◆ Excerpted records
★ ★ ★

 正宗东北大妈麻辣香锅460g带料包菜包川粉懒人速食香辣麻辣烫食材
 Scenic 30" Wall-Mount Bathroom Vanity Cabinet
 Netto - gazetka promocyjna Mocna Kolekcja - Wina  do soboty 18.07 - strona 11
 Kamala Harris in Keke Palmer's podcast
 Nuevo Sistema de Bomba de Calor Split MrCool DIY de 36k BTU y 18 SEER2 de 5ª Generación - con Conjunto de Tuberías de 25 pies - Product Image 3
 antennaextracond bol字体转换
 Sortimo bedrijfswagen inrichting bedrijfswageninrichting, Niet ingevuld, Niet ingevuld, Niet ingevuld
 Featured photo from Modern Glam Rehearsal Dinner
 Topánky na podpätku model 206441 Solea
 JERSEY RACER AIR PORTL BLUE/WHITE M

★ ★ ★

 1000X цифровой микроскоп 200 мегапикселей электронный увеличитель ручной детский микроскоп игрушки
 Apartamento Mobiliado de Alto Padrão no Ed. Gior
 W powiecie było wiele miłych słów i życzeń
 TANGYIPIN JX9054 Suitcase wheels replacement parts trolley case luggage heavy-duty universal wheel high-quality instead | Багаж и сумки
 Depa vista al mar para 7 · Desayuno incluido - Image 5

★ ★ ★

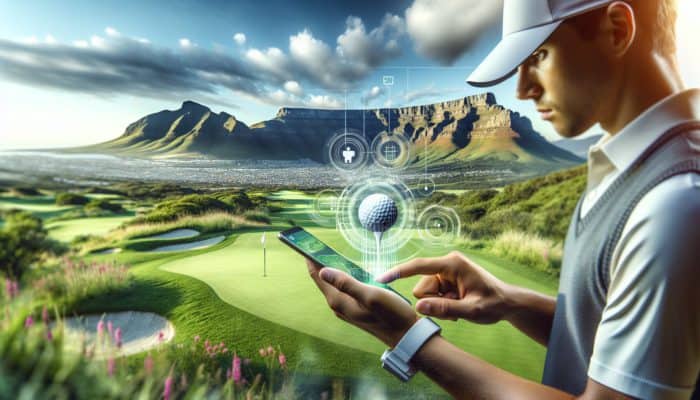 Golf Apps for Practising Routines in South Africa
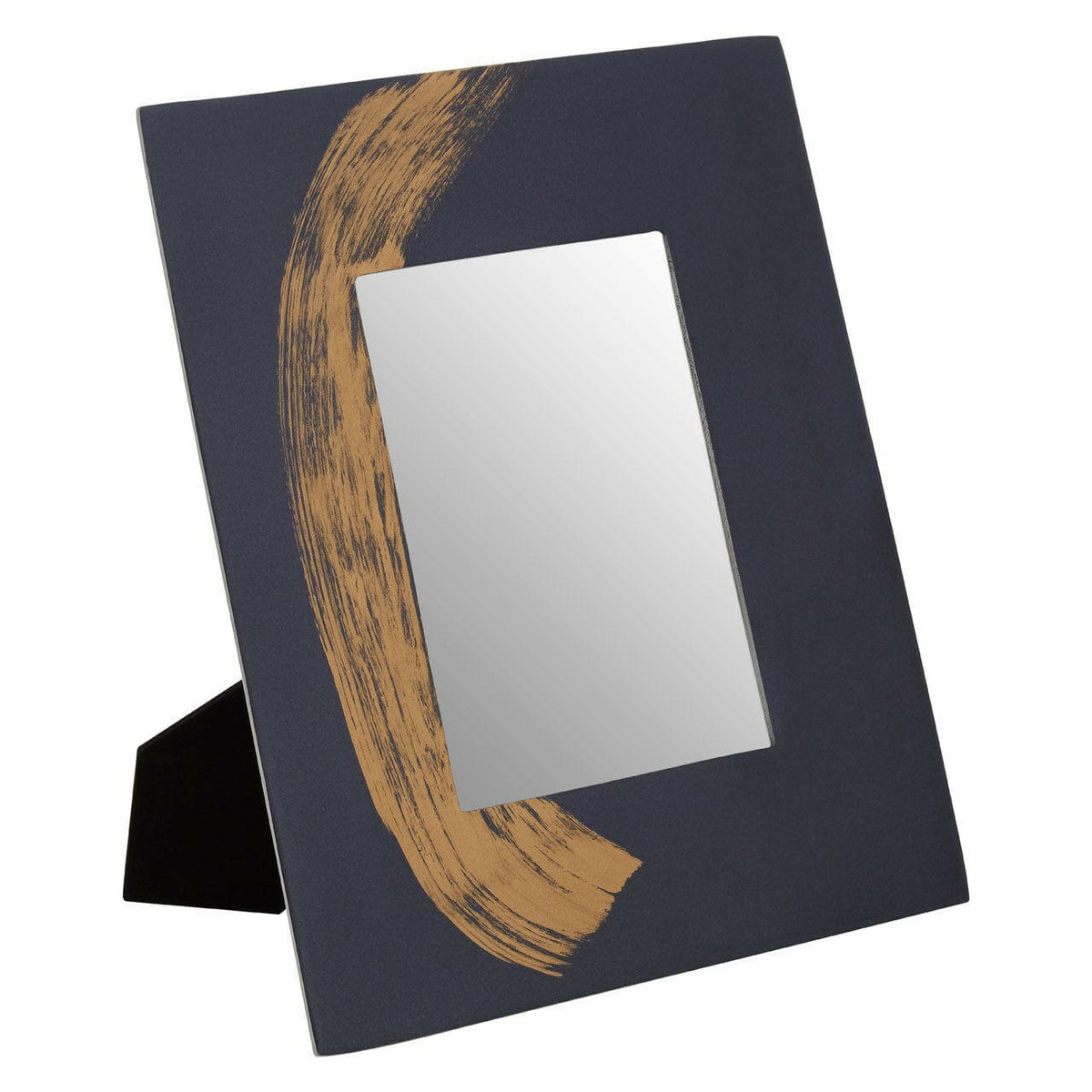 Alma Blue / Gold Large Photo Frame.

★ ★ ★

◆ Your task
In the listing above, find the line with "Bathroom Vanity Cabinet" and the line with "JERSEY RACER AIR PORTL BLUE/WHITE M", then reproduce both and every line between them exactly.

◆ Exercise answer
 Scenic 30" Wall-Mount Bathroom Vanity Cabinet
 Netto - gazetka promocyjna Mocna Kolekcja - Wina  do soboty 18.07 - strona 11
 Kamala Harris in Keke Palmer's podcast
 Nuevo Sistema de Bomba de Calor Split MrCool DIY de 36k BTU y 18 SEER2 de 5ª Generación - con Conjunto de Tuberías de 25 pies - Product Image 3
 antennaextracond bol字体转换
 Sortimo bedrijfswagen inrichting bedrijfswageninrichting, Niet ingevuld, Niet ingevuld, Niet ingevuld
 Featured photo from Modern Glam Rehearsal Dinner
 Topánky na podpätku model 206441 Solea
 JERSEY RACER AIR PORTL BLUE/WHITE M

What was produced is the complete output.